Título: PMDB, um partido que coleciona indiciados
Autor:
Fonte: Valor Econômico, 29/06/2007, Opinião, p. A20

O verbo "sangrar" tem sido usado à farta por senadores de oposição e de situação desde que o presidente do Senado, Renan Calheiros (PMDB-AL), foi acusado de ter pago a pensão para uma filha de relacionamento extra-conjugal com o dinheiro da construtora Mendes Júnior e, para defender-se, apresentou documentos que uma perícia rápida da Polícia Federal constatou serem "frios".

O termo "constrangimento" vem sendo empregado com igual regularidade no plenário do Senado e dirigido ao presidente da casa, que insiste em se manter no cargo e presidir as sessões, por senadores do seu próprio partido. Ainda assim, enquanto alguns parlamentares constatam que o Senado "sangra" e confessam-se constrangidos, o caso Renan se arrasta, sem solução, por um Conselho de Ética que hora existe, hora renuncia. E o maior problema é que o constrangimento transcende a situação política de um único senador. Na verdade, o PMDB bate a cabeça porque não chega à conclusão sobre como julgar um dos seus sem expor os demais.

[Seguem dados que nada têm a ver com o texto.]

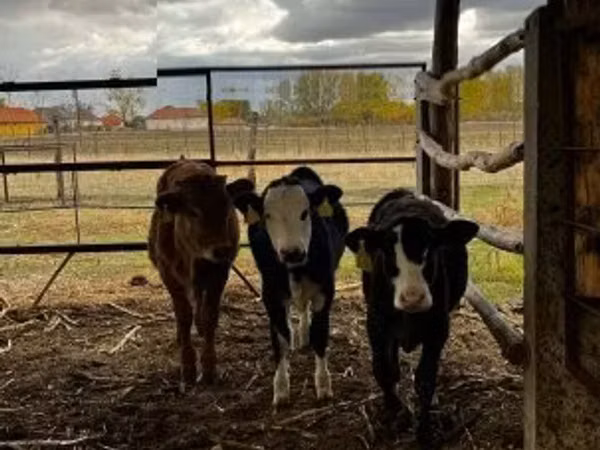 牛只（批次，未指定性别）, Limousin cow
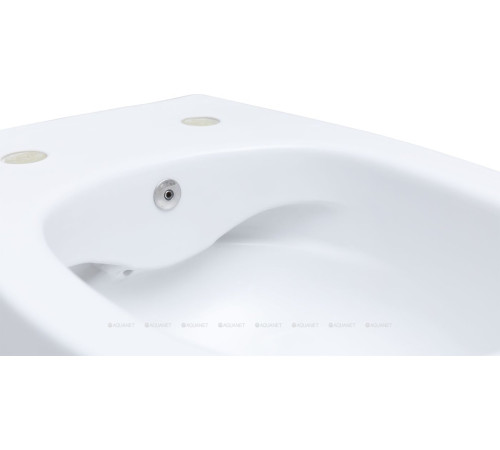 Унитаз подвесной Allen Brau FANTASY Rimless с гигиеническим душем 510x363 мм белый 4.11HC1.20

Matéria publicada ontem no site "Congresso em Foco" mostra que o PMDB, maior partido do Senado, tem 20 dos 81 senadores e responde, em bloco, por 62% dos processos contra senadores em tramitação no Supremo Tribunal Federal (STF). De toda a sua bancada, apenas três nunca foram indiciados pela Justiça Federal, pelo Supremo Tribunal Federal ou pelo Superior Tribunal de Justiça: Pedro Simon (RS), Paulo Duque (RJ) e Geraldo Mesquita Jr (AC). Dos que foram indiciados, 11 tiveram seus processos arquivados.

Se Renan deixar o foco, entra em cena o ex-governador do DF, Joaquim Roriz, e não apenas pelas gravações divulgadas recentemente que sugerem negociações suas pouco republicanas com uma empresa. Antes disso já era o campeão. Contra ele existem quatro inquéritos no STF e seis ações na Justiça Federal, assim distribuídos: quatro por crime contra a administração pública, dois por crime eleitoral, um por crime de imprensa e três outros que estão em segredo de justiça. O senador Leomar Quintanilha (TO) - feito às pressas presidente da Comissão de Ética pelo PMDB antes que PSDB e PT pudessem fazer um acordo para resolver o impasse de um julgamento que ninguém quer fazer - tem contra ele um inquérito contra a ordem tributária, que tramita em segredo de Justiça. O líder do governo no Senado, Romero Jucá (PMDB-RR), teoricamente o responsável pelas articulações da bancada governista para tirar a pedra no sapato do governo que se tornou o caso Renan Calheiros - e agora o caso Roriz - responde a inquérito por crime de responsabilidade por desvio de recursos no STF e a uma ação civil pública na Justiça Federal, ambos em segredo de justiça. Um deles é segredo de Polichinelo, já que foi derrubado do Ministério da Previdência, no primeiro governo Lula, devido a denúncia de sua participação em uma operação de empréstimo feita pela Frangonorte, da qual foi sócio, junto ao Banco da Amazônia, oferecendo fazendas fantasmas em garantia.

Ganha um segundo lugar em problemas com a Justiça, em relação ao restante da bancada do partido, o líder do PMDB no Senado, Valdir Raupp (RO). São ao todo sete processos criminais contra o ex-governador: dois processos por crime contra a administração pública, duas ações por crime contra o sistema financeiro, uma ação por desvio de verbas e outra que está em segredo de Justiça.

Aqueles que estão no PMDB desde há muito e não têm nada a ver com os problemas criminais de seus pares são os que insistem na renúncia de Renan, declaram-se constrangidos e pedem apuração de fato do assunto. E são eles também que constatam que o partido, herdeiro da história da oposição institucional à ditadura militar que subjugou o país de 1964 a 1985, não é mais que uma pálida imagem do que já foi. Eles, pelo menos, não caíram na história agora sustentada por Renan, de que está sendo vítima de um complô político. Até agora, o componente político do escândalo não apareceu. A oposição tem se comportado no episódio com uma civilidade até excessiva. O apoio a Renan dentro do PMDB e da base aliada é cada vez menor, mas a vontade de desestabilizá-lo jamais moveu os oposicionistas.